At the AutoX, it's is very hard to beat a properly driven/prepped Miata, even with bone stock engine. Harddog is a must, but if you decide to istall yourself, be sure you are confident in your skills.  It takes a lot of time and effort to do the install.

The car is cheap to run and modify. For the driving pleasure and the $$ that the car runs for, it is pretty much impossible to beat.


----------



## Pinecone (Apr 3, 2002)

Akakubi said:


> At the AutoX, it's is very hard to beat a properly driven/prepped Miata, even with bone stock engine.


Compared to what?


----------



## PunchIt (Dec 24, 2002)

Spec Miata! Or find an E30 that is well maintained.


----------



## The Roadstergal (Sep 7, 2002)

The stock Miata shifter and steering response will not make you happy with just about any other regular US car stock.

If you get one without a Torsen or an R package suspension, they're easy to upgrade. Anything is easily added.


----------



## Akakubi (Dec 21, 2001)

Pinecone said:


> Compared to what?


E36 and E46, as well as Z-06's...on Hoosier's. :yikes: On tighter courses locally modded (CSP or SM) Miata's are very formidable. For the $$ and performance/fun factor you gain Miatas are the way to go.

I AutoX one also (stock so far, M-edition) and it is quick! Puts a lot more smiles on my face than my E46 tank.

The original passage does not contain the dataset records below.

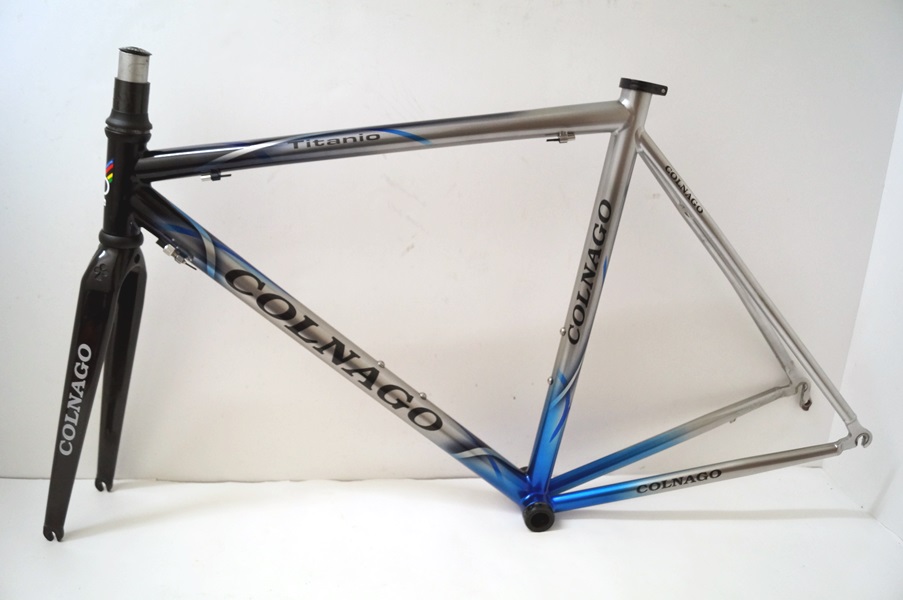 COLNAGO 7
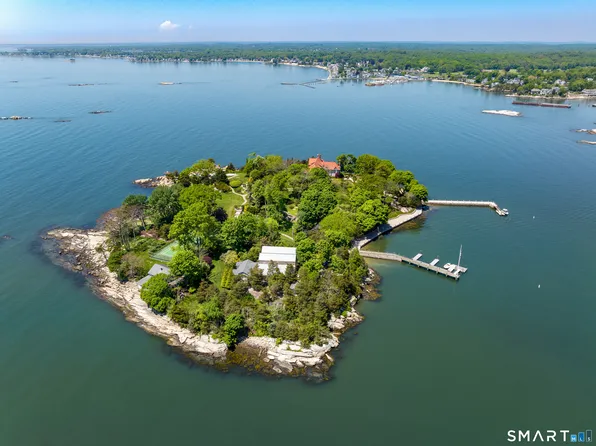 Rogers Island, Branford, CT 06405
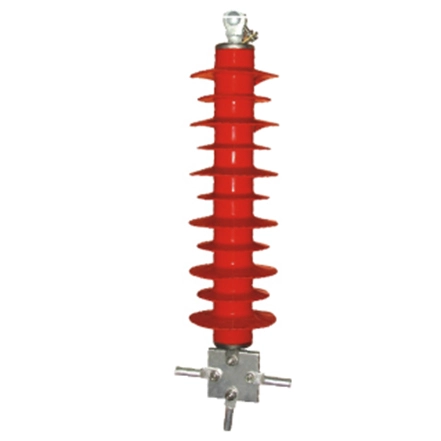 lightning arrester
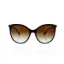 Picture of Giorgio Armani AR 8070 5026-13 - Havana-Brown Gradient by Giorgio Armani for Women - 58-19-145 mm Sunglasses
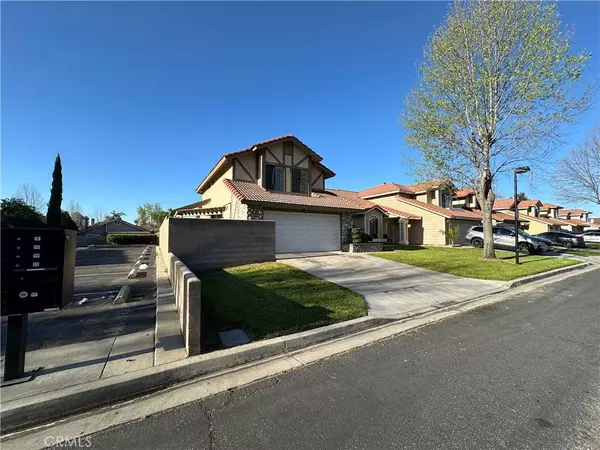 1155 W Victoria ST, Rialto, CA 92376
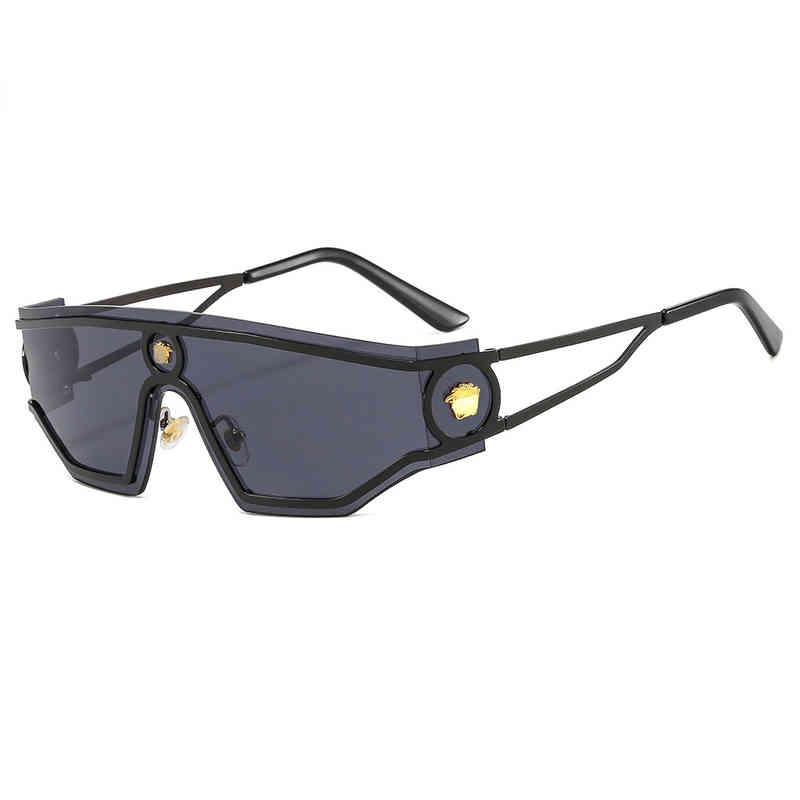 Designer Polarized Luxury Brand Sunglasses Black Big New For Women Men Sun Glasses Shades Fashion 3025 Goggles Eyewear Medusa
Designer Polarized Luxury Brand Sunglasses Black Big New For Women Men Sun Glasses Shades Fashion 3025 Goggles Eyewear Medusa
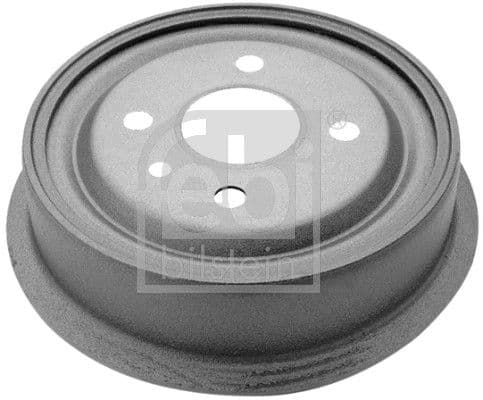 Tambur frana FEBI BILSTEIN 08849
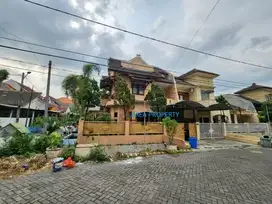 JUAL RUMAH 2 LT MURAH, KEBRAON INDAH PERMAI, SURABAYA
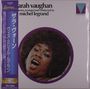 Sarah Vaughan: Sarah Vaughan With Michel Legrand, LP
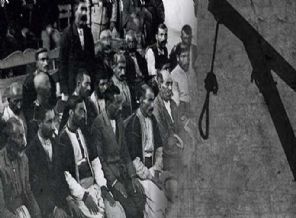 İstiklal Mahkemelerinin 95 yıllık esrar perdesi bir bir aralanıyor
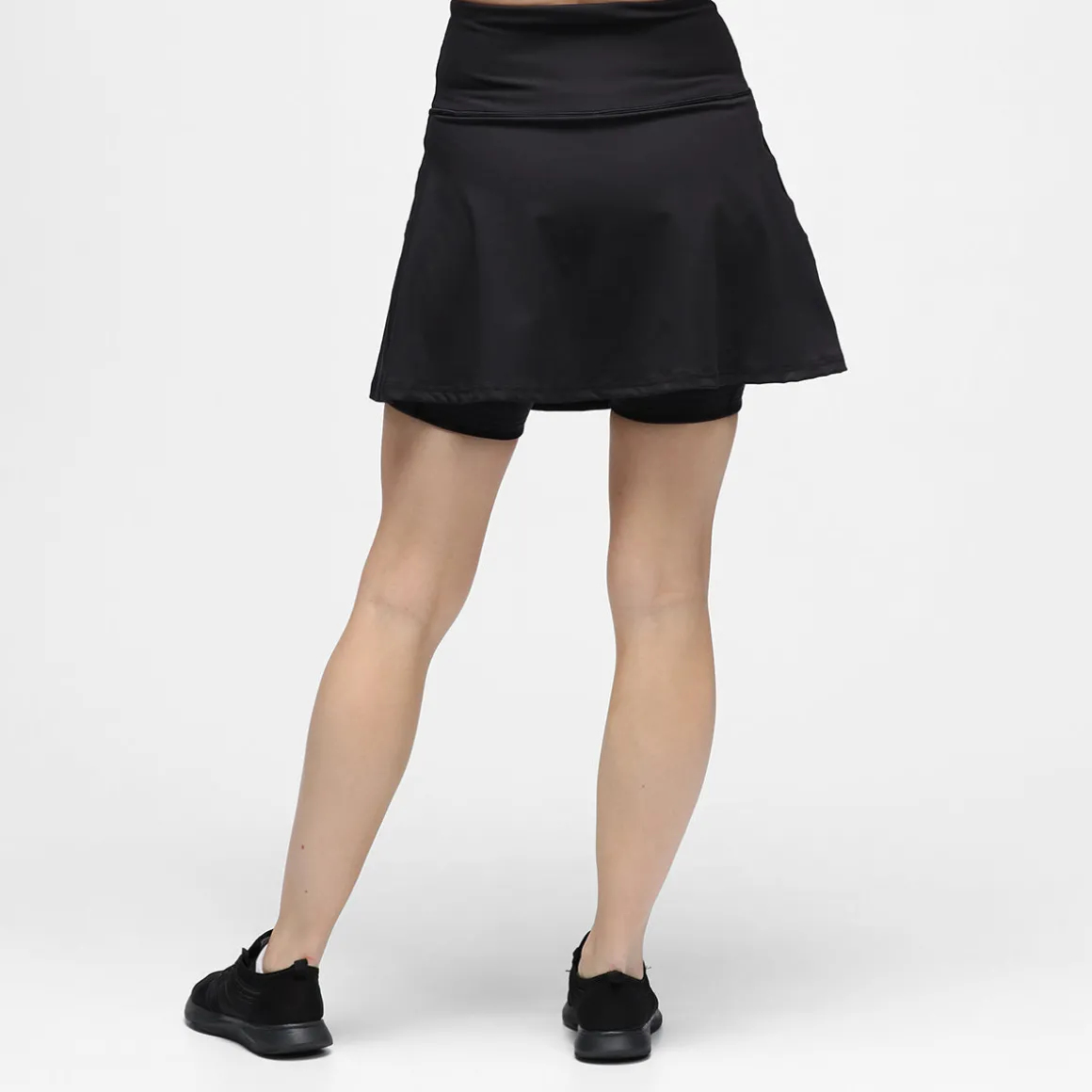 Black Diamond Luxe Skort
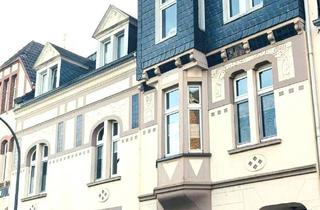 Wohnung kaufen in 42329 Vohwinkel, IMWRC – TOP-ETW mit gehobener Ausstattung in Vohwinkel mit Balkon und Garten!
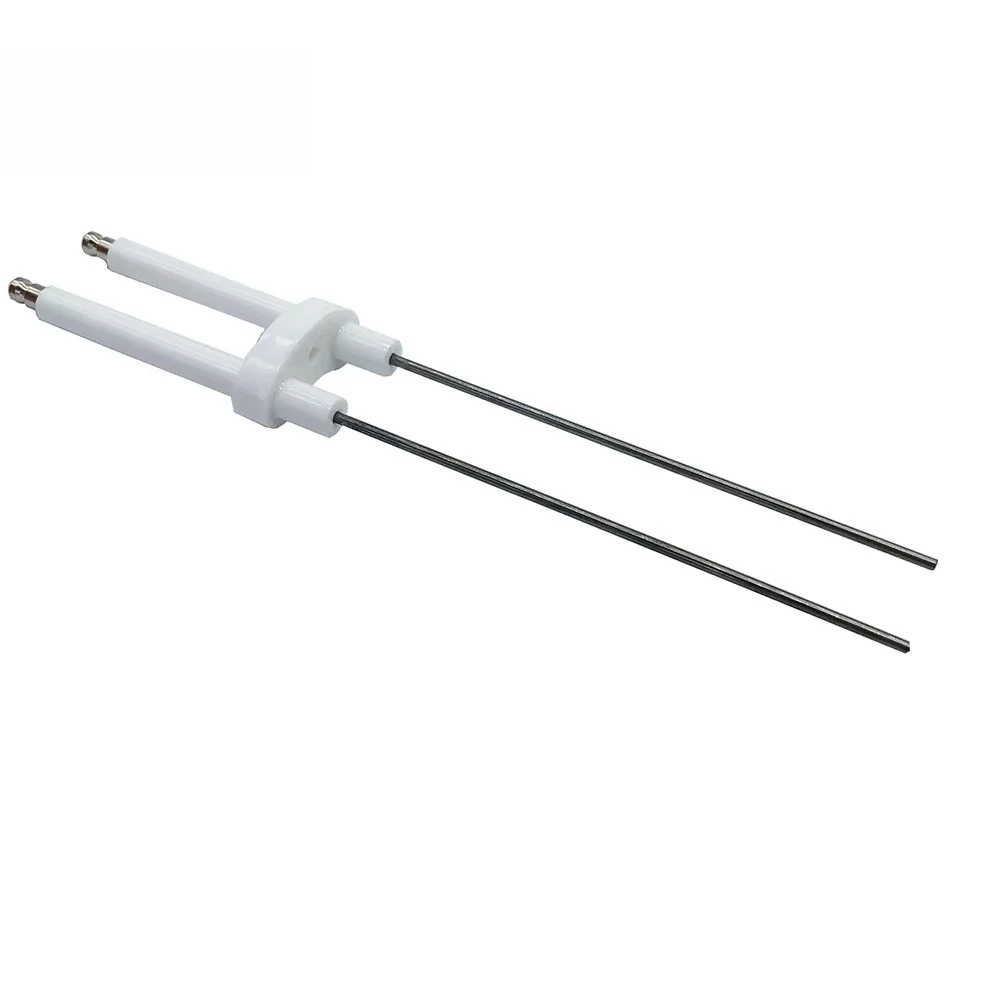 Support Custom Burner Ignition Eelctrode Igniter Induction Needle Boiler Gas Stove High Temperature Ignition Needle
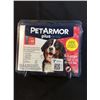 Image 1 : Pet armor plus for dogs for extra large dogs kills fleas flea eggs and larva ticks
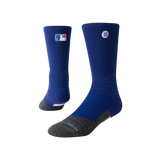 MLB DIAMOND PRO CREW SOCKS - Deportes Salvador Colom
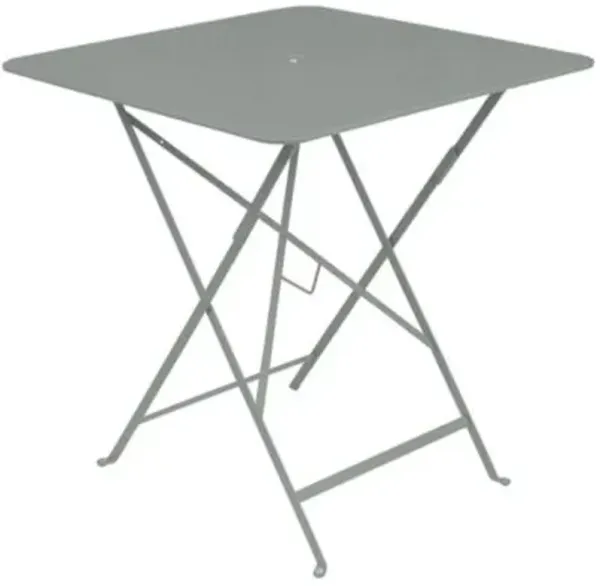 Bistro Square Folding Table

Track is a different story however. :bigpimp:


----------



## tim330i (Dec 18, 2001)

My vote is for an E30 325is. I believe that is the sports package with factory limited slip diff. Not sure on car pricing but I would guess the parts are not as cheap as the Miata.

The great thing about an older car is that they are easier to work on and you can get parts easier new at local parts stores or at the junk yard. Also people start to get creative with older cars to make things run better which is always fun (if you like tinkering with crap).

EDIT - Merged the two threads for everyone. I also seems that I am in the minority for wanting the E30, damn brand loyalty 

Tim


----------



## Pinecone (Apr 3, 2002)

Akakubi said:


> E36 and E46, as well as Z-06's...on Hoosier's. :yikes: On tighter courses locally modded (CSP or SM) Miata's are very formidable. For the $$ and performance/fun factor you gain Miatas are the way to go.
> 
> I AutoX one also (stock so far, M-edition) and it is quick! Puts a lot more smiles on my face than my E46 tank.
> 
> Track is a different story however. :bigpimp:


E46 M3 is a WHOLE different beast than a E46 330. They may sort of look the same, but in performance, even on autoX they are two different worlds.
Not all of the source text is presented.